Key Experimental Results

Main Results

Method Sudoku (256) Countdown (256) GSM8K (512) MATH500 (512)
LLaDA-8B-Instruct 6.7% 19.5% 78.2% 36.2%
+ diffu-GRPO 16.1% 27.0% 80.7% 39.0%
+ d1 (SFT+GRPO) 17.6% 25.8% 82.0% 38.0%
+ wd1 76.4% 51.2% 82.3% 39.0%
+ wd1++ - - 84.5% 44.2%
+ MDPO - - 83.7% 43.8%
+ TCR - - 83.0% 41.4%

Ablation Study

Configuration Sudoku Countdown Notes
wd1 (full) 76.4% 51.2% Full model
\(w^+\) only (WLL) 50.2% 39.5% No negative penalty, −26%
\(w^-\) only 15.3% 22.1% Penalty only, no reinforcement
d1 17.6% 25.8% Baseline

Training cost comparison (4×A100): - d1: SFT 2.01h + RL 103.5s/step, FLOPs 9.92e15/step, NFEs (μ+2)/step - wd1: No SFT + RL 81.16s/step, FLOPs 8.89e15/step, NFEs μ/step

Key Findings

  • wd1 outperforms d1 by 59% on Sudoku (76.4% vs. 17.6%) and by 25% on Countdown, demonstrating the substantial advantage of ratio-free methods on constrained reasoning tasks.
  • The negative-sample penalty is critical: removing \(w^-\) drops Sudoku accuracy from 76.4% to 50.2%, confirming that actively "forgetting" low-quality completions is essential.
  • wd1++ achieves SOTA with 10× fewer rollouts: 84.5% on GSM8K and 44.2% on MATH500 in only 20 training steps.
  • No SFT stage required: wd1 starts RL directly from the Instruct model, eliminating the 2-hour SFT phase required by d1.
  • Per-step compute is reduced by ~22% (81.16s vs. 103.5s), as approximating the old and reference policy likelihoods is no longer needed.

Highlights & Insights

  • Elegance of the ratio-free design: By switching the KL direction (forward → reverse), the ratio dependency of TRPO/PPO is converted into weighted likelihood, an idea that may also be valuable for AR models.
  • Dual design of \(w^+\)/\(w^-\): The combination of positive-sample weighting (increasing the probability of good outputs) and negative-sample penalization (decreasing the probability of bad outputs) automatically halts when advantages are equal—a clever self-balancing mechanism.
  • Unified theory via energy-guided diffusion: Interpreting RL fine-tuning as energy-guided diffusion training provides a new theoretical framework for understanding and improving RL in dLLMs.
  • Exploitation of intermediate steps (wd1++): Training on intermediate denoising products is a unique advantage of dLLMs that AR models cannot exploit.

Limitations & Future Work

  • Validation is limited to LLaDA-8B; generalization to other dLLMs (e.g., Dream, DiffuCoder) remains to be tested.
  • Likelihood approximation still uses the biased d1 method (\(t=1\) sampling); better approximations may yield further gains.
  • The potential for combining wd1 with RLHF (human feedback) has not been explored.
  • wd1++ requires storing intermediate denoising completions, increasing memory overhead.
  • vs. d1 (Zhao et al., 2025): d1 adapts GRPO to dLLMs but retains policy ratio computation. wd1 eliminates ratios entirely, reducing both error and computation.
  • vs.
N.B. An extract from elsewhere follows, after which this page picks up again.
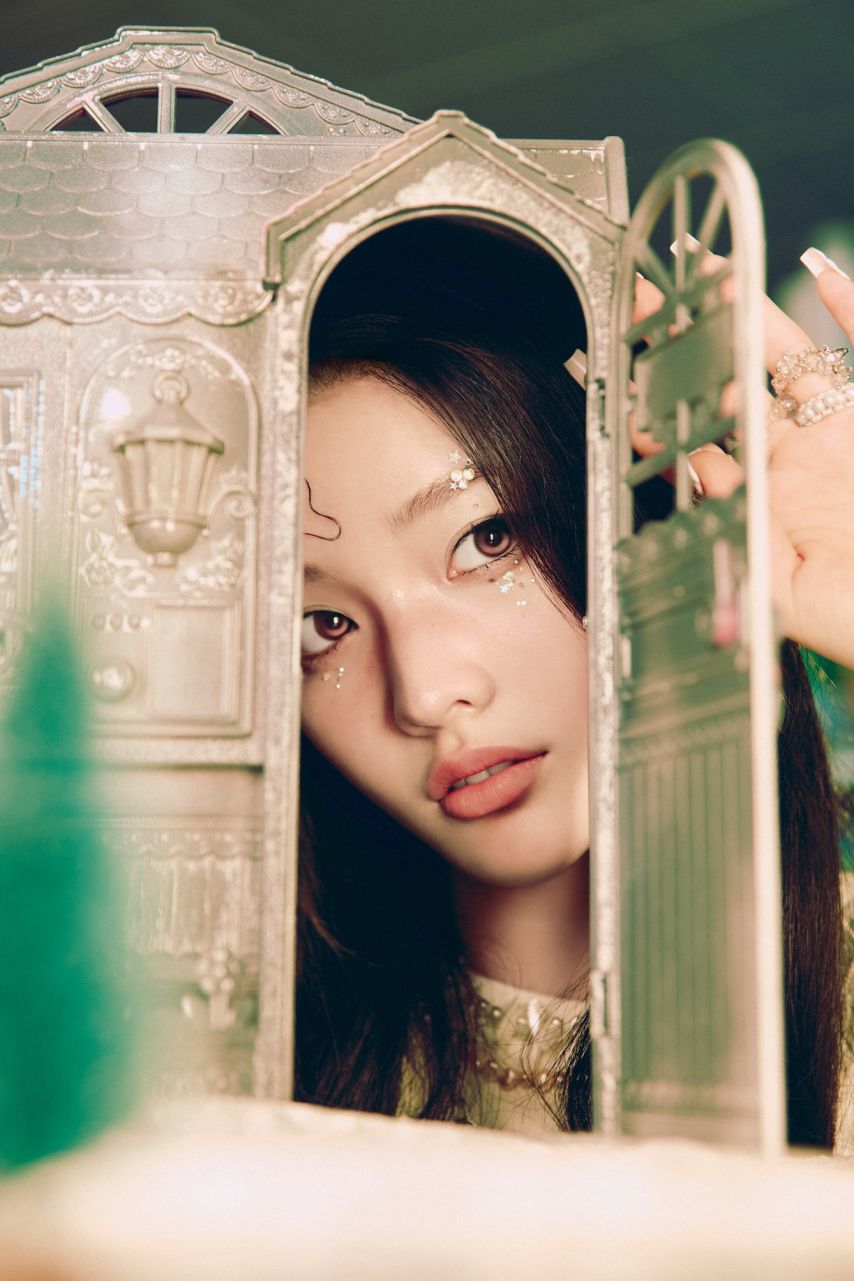 아일릿 Japan 1st Single ',時よ止まれ', Concept Photo1_10.jpg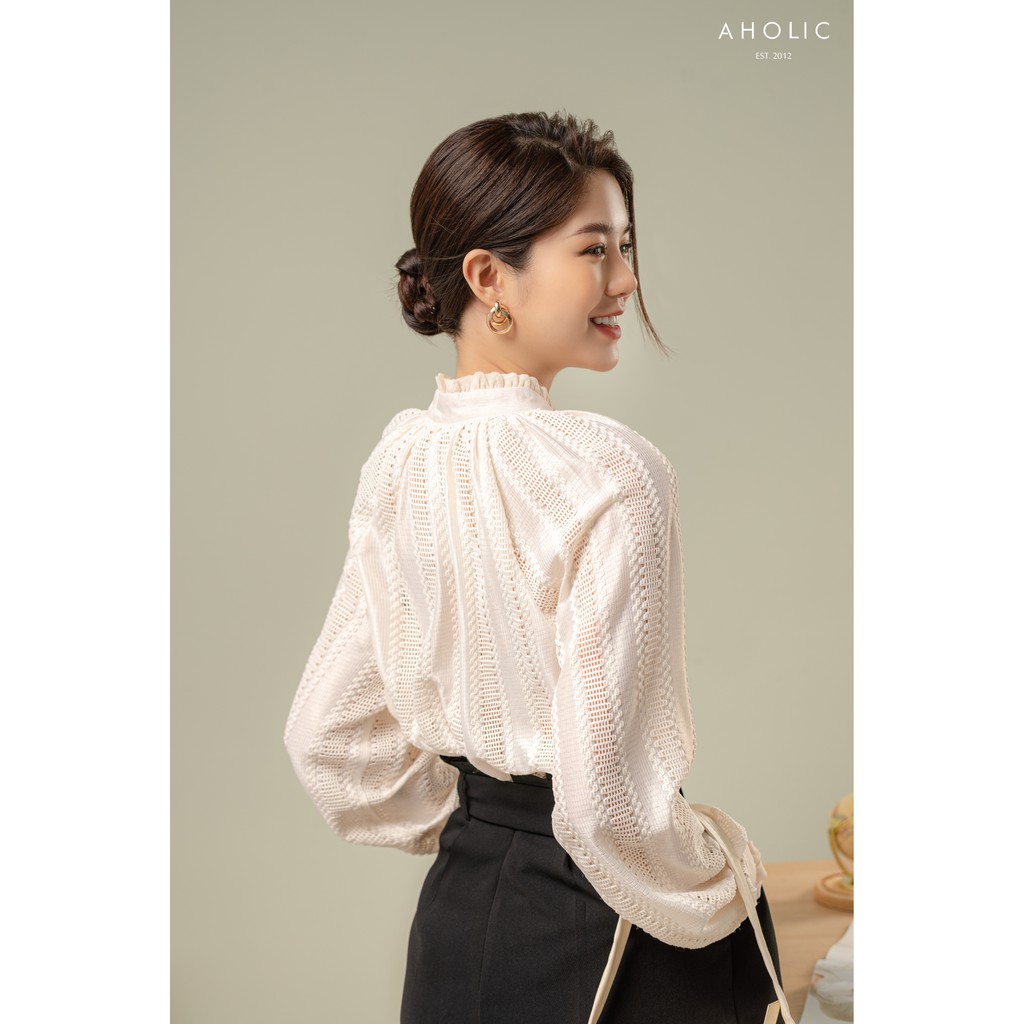 Sơ mi thô ren hoạ tiết 1 màu trắng Aholic SM426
UniGRPO (Yang et al., 2025): UniGRPO estimates the likelihood via DCE by sampling multiple values of \(t\), which is more accurate but slower. wd1 requires only a single approximation of the current policy.
  • vs. MDPO (He et al., 2025): MDPO adopts DPO-style preference optimization. wd1++ slightly outperforms MDPO on both GSM8K and MATH500.

Rating

  • Novelty: ⭐⭐⭐⭐⭐ — Innovations on three levels: ratio-free design, unification with energy-guided diffusion theory, and exploitation of intermediate denoising steps.
  • Experimental Thoroughness: ⭐⭐⭐⭐ — Multi-benchmark evaluation, ablation studies, and compute cost analysis, though only a single base model is used.
  • Writing Quality: ⭐⭐⭐⭐ — Theoretical derivations are clear, though the paper is dense.
  • Value: ⭐⭐⭐⭐⭐ — Addresses a core technical bottleneck in RL for dLLMs, delivering SOTA performance with significant compute savings.